Inheritance and Encapsulation

An element that is coupled to another has a dependency on that other element. If the other element changes, the dependent element may also need to change. A well-designed superclass is not coupled to its subclasses, but a subclass is inextricably tied to its superclass.

If a super class declares attributes that are visible only to its sub-classes, (in Java we use protected keyword) it results in coupling between them. So, from a strict point of view, Inheritance violates encapsulation. Do not allow the subclasses to access the protected attributes directly. This will avoid maintenance nightmare when the attributes are changed in the super class. At the other extreme you can declare the attributes as private in the superclass, this means the subclasses will not inherit the attributes. When the derived class needs access to the private attribute declared in the base class provide a protected method that can be used by the sub classes for that purpose. Changes to the superclass, visible outside that class, are automatically inherited by the subclass without having to change the code of the subclass.

All design decisions require human judgement that solves the problem at hand. You have to weigh the advantages vs. disadvantages for your specific situation before deciding either to follow this rule or not. In this case, some of the things that you may look at are : How many sub-classes are we likely to extend from this super-class? How many attributes require visibility in the sub-classes? Answering these questions will help you to make the trade-offs between different designs. You could also start with the simplest design that will work for your current requirements and refactor the design in each iteration.

If you are using inheritance and the derived class needs access to the private attribute declared in the base class then provide a protected method that can be used by the sub classes for that purpose.

Arguments and Encapsulation

A properly encapsulated class prevents its clients from knowing the implementation details. All the public methods defined in a class is called as the interface of a class.

The interface of a class should hide as much implementation details as possible. Therefore, the number of arguments in the interface must be minimal. Because more the number of arguments, the more the clients know about how the class is implementing the functionality behind the signature of the method.

Visibility of Operations

At the class level this means minimizing the number of methods that are public and available for clients to use. This raises the level of abstraction of the services provided by the class to the correct level. Do not clutter the public interface of a class with methods that users of that class are either not able to use or are not interested in using. Implement a minimal public interface that all classes understand. You can minimize the public interface by following the rule : Do not put implementation details such as common-code private functions into the public interface of a class.

Let us look at an example for information hiding. Consider a website dedicated to independent publishers. The system needs to allow profile to be created for the authors. One of the data provided by the author is their age. The system stores the age attribute in a class called Author. After a year elapses the profile still shows the same age and the author has not aged at all! By the way this is how Yahoo Profile is implemented.

The management now realizes that it is a mistake and wants to provide an operation to calculate age of a given author.
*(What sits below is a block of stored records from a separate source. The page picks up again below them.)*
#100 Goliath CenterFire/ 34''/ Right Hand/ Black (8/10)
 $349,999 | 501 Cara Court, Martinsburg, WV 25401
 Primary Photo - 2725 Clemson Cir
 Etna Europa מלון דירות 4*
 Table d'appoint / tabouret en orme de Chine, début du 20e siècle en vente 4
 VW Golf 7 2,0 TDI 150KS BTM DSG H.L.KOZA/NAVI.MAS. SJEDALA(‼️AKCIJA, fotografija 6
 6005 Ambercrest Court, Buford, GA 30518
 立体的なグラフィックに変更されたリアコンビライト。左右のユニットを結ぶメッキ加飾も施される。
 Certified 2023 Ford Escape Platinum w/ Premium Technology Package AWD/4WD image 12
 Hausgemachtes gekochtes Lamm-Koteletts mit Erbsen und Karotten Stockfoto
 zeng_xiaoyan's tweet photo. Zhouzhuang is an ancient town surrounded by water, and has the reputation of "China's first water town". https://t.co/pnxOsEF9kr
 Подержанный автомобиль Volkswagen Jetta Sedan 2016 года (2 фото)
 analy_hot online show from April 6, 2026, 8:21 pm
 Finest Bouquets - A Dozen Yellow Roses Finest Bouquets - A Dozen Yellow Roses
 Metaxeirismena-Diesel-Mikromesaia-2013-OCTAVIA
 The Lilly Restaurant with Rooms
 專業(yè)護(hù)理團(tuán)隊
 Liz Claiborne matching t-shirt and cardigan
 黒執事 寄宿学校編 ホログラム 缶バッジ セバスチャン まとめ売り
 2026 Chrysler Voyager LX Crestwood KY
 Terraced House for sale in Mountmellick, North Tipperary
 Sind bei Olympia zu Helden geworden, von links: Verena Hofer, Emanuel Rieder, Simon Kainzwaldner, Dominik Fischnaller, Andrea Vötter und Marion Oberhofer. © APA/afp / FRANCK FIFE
The problem is that code has author.age in several different places (direct access to the public age attribute). Now the code has to be modified to author.getAge() and recompiled after the getAge() is implemented. This may not be a critical issue in this system but if it was a retirement fund account which allows withdrawal of money only after a certain age is reached by the member then it is definitely a critical issue. This leads to the rule: All data should be hidden (private) within its class.

Information hiding is useful for not only attributes and operations but also for class design and sub system design. Let us look at different type of information hiding example for an attribute. In MyTicketCo system the maximum number of tickets that can be purchased is 50. Therefore do not use 50 in the code, instead define a constant MAXIMUM_TICKETS to hide the information in one place. This makes it easy to change since it is found in only one place.

This leads to the rule: Always use named constants instead of using literals.

Encapsulation at System Level

In subsystem design we minimize the number of classes exposed to the clients to provide a minimal interface. If this is not possible we use a Facade [GoF].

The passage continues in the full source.